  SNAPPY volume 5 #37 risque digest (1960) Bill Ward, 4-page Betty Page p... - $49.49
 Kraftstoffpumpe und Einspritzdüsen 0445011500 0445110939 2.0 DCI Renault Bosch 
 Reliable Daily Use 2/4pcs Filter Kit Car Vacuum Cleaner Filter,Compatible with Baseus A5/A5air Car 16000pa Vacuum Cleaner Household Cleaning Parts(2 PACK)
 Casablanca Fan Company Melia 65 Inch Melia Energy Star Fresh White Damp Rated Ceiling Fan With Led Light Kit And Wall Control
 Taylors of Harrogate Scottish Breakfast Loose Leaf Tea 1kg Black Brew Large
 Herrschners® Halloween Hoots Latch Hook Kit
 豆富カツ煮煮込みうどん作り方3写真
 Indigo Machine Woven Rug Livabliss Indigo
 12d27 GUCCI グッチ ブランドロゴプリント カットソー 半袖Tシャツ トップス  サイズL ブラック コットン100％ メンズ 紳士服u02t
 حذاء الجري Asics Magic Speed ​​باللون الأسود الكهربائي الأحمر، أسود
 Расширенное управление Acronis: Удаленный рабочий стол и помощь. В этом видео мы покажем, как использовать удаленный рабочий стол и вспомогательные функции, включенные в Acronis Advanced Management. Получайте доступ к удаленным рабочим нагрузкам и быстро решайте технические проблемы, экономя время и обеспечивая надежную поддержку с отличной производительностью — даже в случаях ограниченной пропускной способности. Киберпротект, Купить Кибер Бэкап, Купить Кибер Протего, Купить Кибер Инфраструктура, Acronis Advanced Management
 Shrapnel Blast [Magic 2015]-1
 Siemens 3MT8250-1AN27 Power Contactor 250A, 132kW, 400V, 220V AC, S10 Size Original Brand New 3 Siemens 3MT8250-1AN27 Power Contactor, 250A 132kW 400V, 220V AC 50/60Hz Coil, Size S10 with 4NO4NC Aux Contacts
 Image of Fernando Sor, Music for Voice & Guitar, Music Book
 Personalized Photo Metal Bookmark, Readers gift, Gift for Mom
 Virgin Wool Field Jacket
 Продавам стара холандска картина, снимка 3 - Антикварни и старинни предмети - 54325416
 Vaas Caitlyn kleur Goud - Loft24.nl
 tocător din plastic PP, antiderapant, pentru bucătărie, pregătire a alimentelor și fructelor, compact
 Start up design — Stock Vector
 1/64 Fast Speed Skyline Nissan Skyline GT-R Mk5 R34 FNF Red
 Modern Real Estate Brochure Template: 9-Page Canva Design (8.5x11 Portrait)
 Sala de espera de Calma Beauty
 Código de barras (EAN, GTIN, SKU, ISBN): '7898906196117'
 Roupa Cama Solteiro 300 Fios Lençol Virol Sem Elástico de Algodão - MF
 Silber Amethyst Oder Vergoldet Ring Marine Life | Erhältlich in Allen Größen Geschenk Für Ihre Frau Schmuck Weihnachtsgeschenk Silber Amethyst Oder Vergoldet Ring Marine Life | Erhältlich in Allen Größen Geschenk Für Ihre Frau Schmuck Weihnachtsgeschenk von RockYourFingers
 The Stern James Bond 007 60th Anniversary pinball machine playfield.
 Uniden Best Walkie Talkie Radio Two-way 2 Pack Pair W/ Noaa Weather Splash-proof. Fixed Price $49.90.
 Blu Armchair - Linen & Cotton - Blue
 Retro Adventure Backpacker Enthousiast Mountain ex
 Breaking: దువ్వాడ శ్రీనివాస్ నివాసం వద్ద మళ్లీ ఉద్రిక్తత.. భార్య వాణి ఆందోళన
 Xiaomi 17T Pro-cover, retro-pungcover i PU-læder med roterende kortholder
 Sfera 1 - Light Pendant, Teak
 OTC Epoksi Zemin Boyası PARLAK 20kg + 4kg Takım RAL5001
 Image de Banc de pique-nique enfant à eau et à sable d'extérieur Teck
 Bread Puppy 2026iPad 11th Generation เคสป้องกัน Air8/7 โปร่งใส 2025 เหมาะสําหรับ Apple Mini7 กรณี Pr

####

PROBLEM TO WORK ON: Both the line containing "豆富カツ煮煮込みうどん作り方3写真" and the line containing "حذاء الجري Asics" belong in the answer. Print them and every line above that falls between them exactly, and no others.

ANSWER BOX:
 豆富カツ煮煮込みうどん作り方3写真
 Indigo Machine Woven Rug Livabliss Indigo
 12d27 GUCCI グッチ ブランドロゴプリント カットソー 半袖Tシャツ トップス  サイズL ブラック コットン100％ メンズ 紳士服u02t
 حذاء الجري Asics Magic Speed ​​باللون الأسود الكهربائي الأحمر، أسود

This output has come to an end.